_YOUR TASK_
Write out again, exactly, the lines below starting at the one with "Delia Derbyshire. BBC" and ending at the one with "Used 2025 Ford Expedition Max Active SUV".

_INFORMATION SHOWN_
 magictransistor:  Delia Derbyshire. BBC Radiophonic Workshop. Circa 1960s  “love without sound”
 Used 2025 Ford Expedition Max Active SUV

* * *

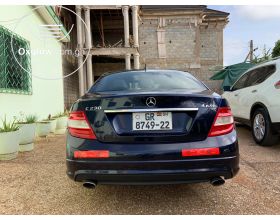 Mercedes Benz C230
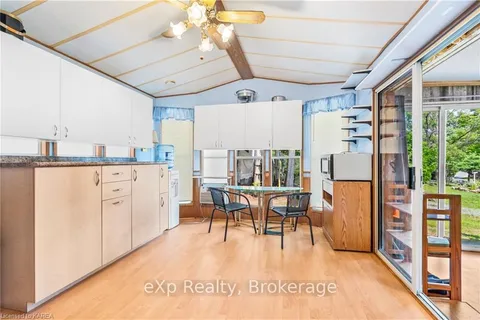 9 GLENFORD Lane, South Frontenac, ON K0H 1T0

---

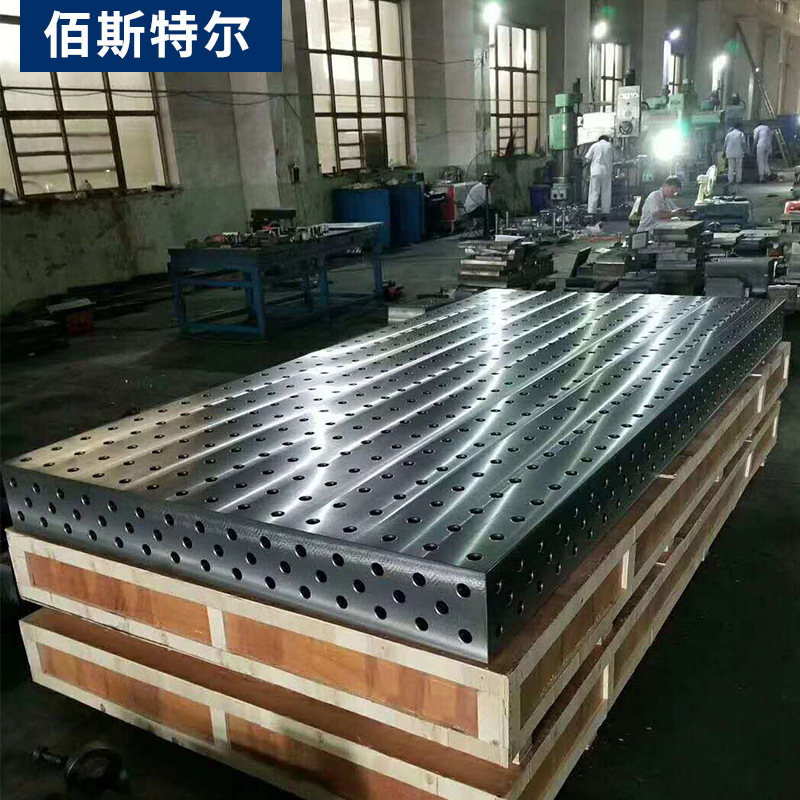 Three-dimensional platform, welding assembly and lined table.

_YOUR RESPONSE_
 magictransistor:  Delia Derbyshire. BBC Radiophonic Workshop. Circa 1960s  “love without sound”
 Used 2025 Ford Expedition Max Active SUV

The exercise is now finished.